### Given data:
>>

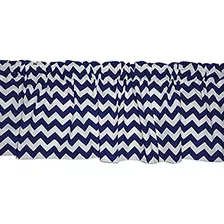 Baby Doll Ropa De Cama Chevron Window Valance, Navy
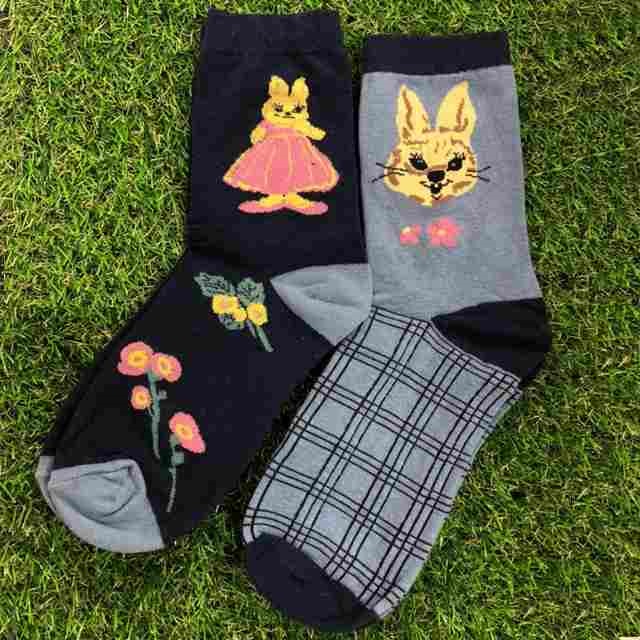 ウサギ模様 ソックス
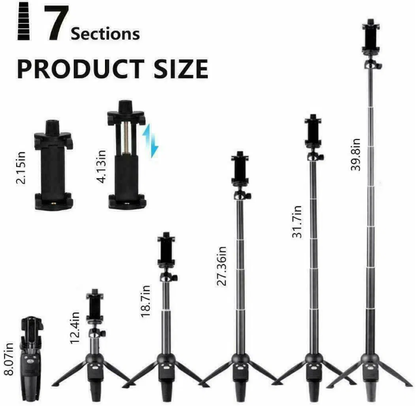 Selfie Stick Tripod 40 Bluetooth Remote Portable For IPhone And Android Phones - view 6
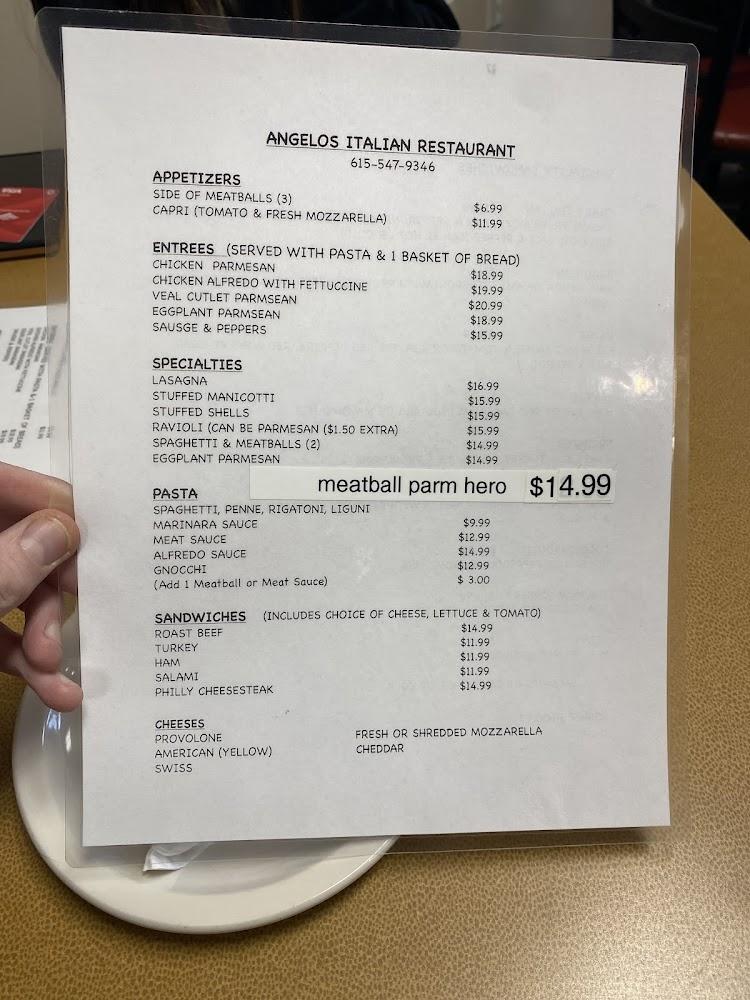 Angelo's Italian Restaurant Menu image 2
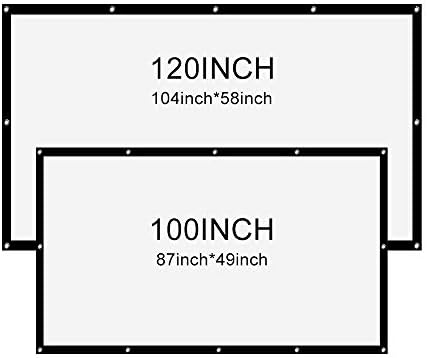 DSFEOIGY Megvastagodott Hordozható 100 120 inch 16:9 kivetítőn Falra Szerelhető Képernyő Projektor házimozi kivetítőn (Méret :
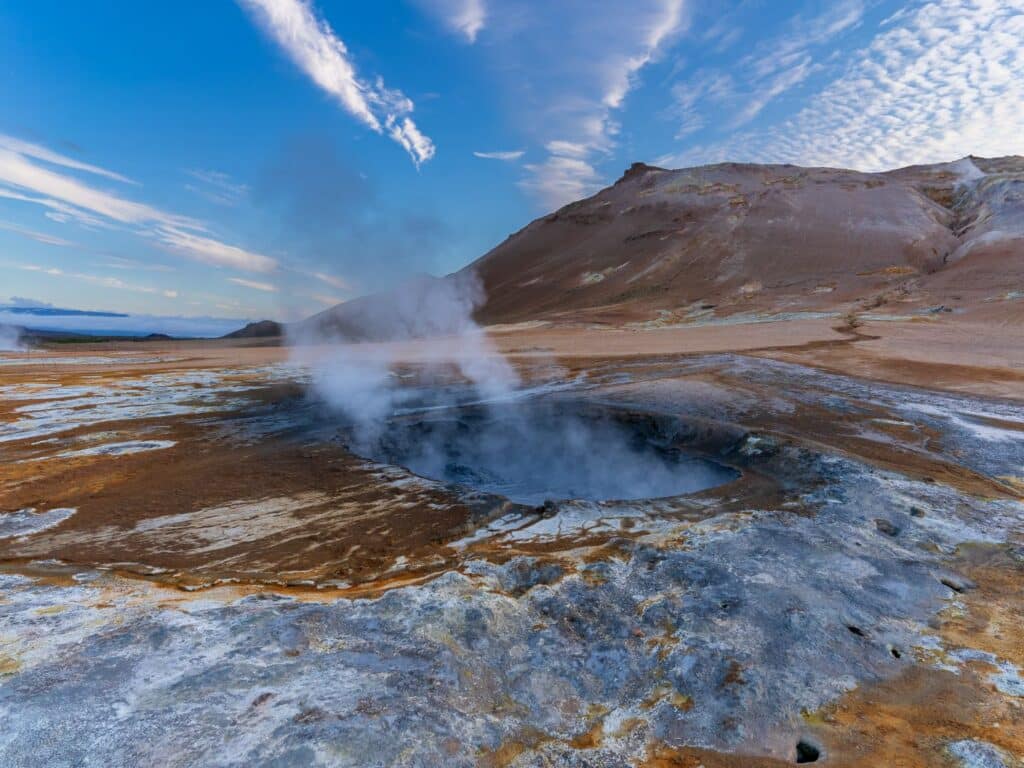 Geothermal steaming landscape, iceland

<<
>>

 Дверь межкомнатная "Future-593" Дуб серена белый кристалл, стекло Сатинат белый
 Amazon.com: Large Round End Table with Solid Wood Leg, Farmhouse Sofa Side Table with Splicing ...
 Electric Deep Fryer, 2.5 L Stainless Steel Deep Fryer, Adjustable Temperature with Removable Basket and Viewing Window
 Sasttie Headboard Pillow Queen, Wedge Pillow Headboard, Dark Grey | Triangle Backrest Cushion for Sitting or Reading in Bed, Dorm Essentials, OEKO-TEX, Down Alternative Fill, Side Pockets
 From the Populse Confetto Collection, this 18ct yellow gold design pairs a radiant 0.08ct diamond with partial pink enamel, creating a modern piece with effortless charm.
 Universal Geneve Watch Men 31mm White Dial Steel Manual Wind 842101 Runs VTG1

<<
>>

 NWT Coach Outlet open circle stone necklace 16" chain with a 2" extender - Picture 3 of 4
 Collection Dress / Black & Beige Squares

<<

### Your goal:
Please give the number of lines in the listing above where "Side" appears, and nothing else.

### Response below:
2